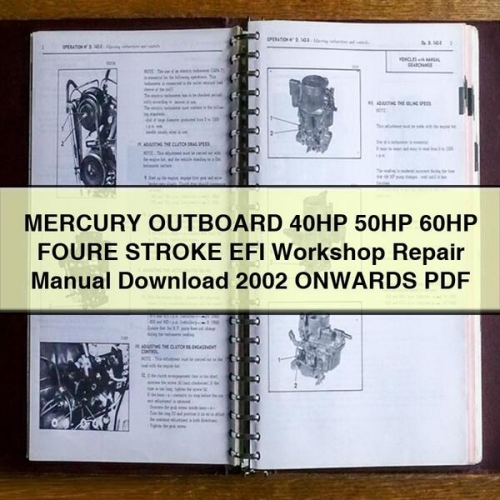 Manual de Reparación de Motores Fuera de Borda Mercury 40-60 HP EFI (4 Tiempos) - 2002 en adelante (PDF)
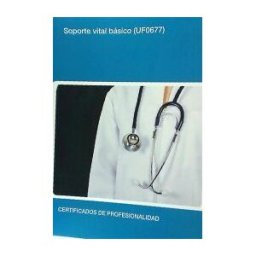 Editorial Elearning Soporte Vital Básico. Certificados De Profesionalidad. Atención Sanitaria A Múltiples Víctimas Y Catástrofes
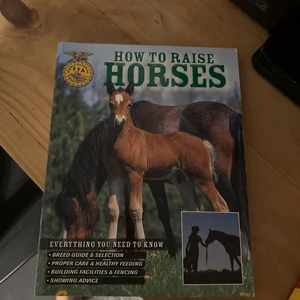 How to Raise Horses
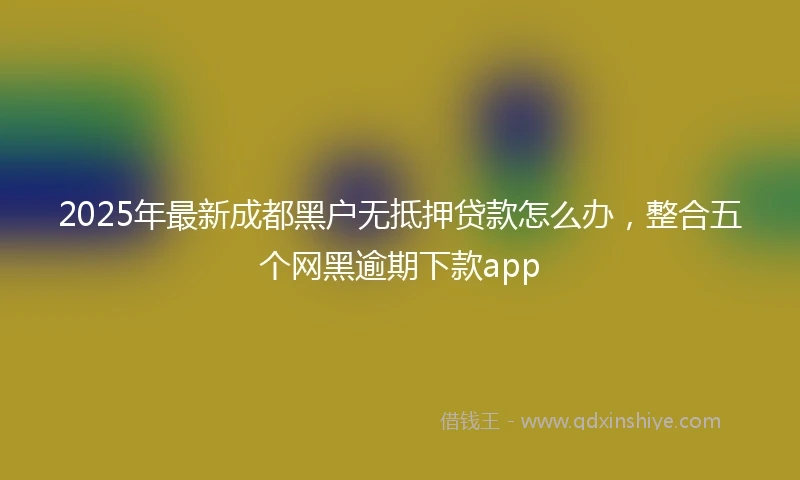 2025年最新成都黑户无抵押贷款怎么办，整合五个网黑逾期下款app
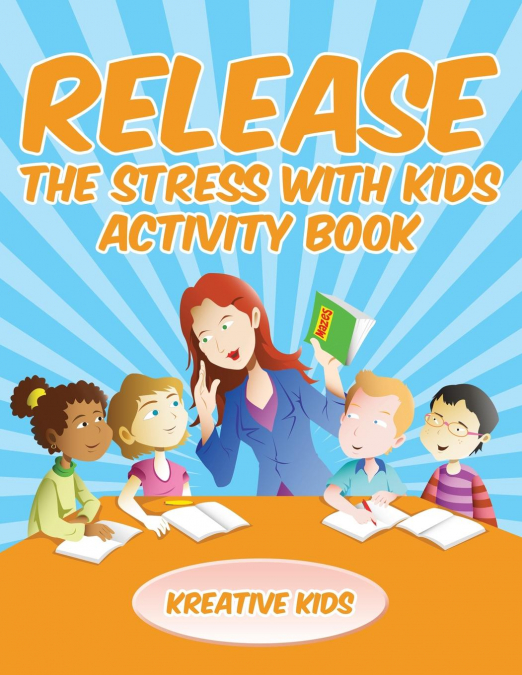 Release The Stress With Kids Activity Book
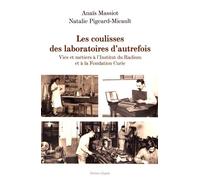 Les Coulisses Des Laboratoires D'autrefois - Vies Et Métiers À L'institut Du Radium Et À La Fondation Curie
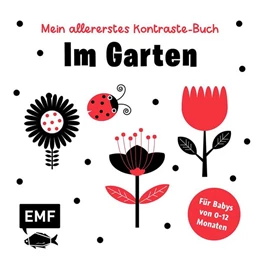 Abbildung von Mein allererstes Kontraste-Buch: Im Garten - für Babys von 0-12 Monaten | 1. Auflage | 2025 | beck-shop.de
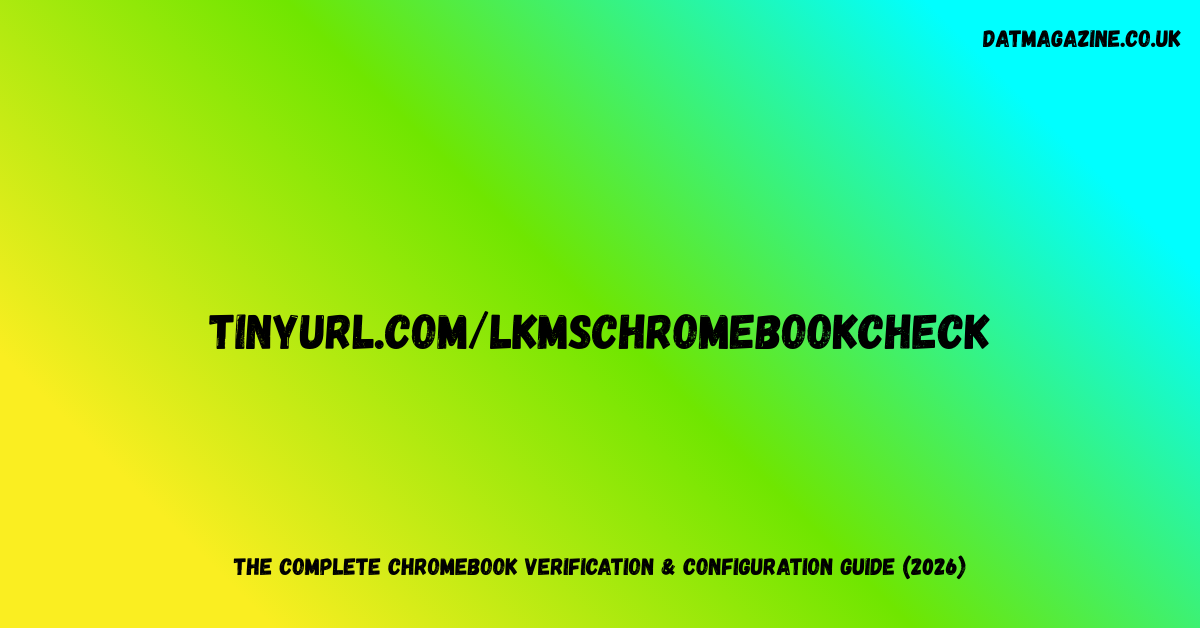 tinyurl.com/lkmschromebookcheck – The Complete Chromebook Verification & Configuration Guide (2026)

WHAT THIS TASK INVOLVES
The lines from the one holding "Les Coulisses Des" through the end of the entries are to be transcribed exactly, both ends included, with the pictures left out.

RESPONSE FOR THIS EXERCISE
 Les Coulisses Des Laboratoires D'autrefois - Vies Et Métiers À L'institut Du Radium Et À La Fondation Curie
 Abbildung von Mein allererstes Kontraste-Buch: Im Garten - für Babys von 0-12 Monaten | 1. Auflage | 2025 | beck-shop.de
 tinyurl.com/lkmschromebookcheck – The Complete Chromebook Verification & Configuration Guide (2026)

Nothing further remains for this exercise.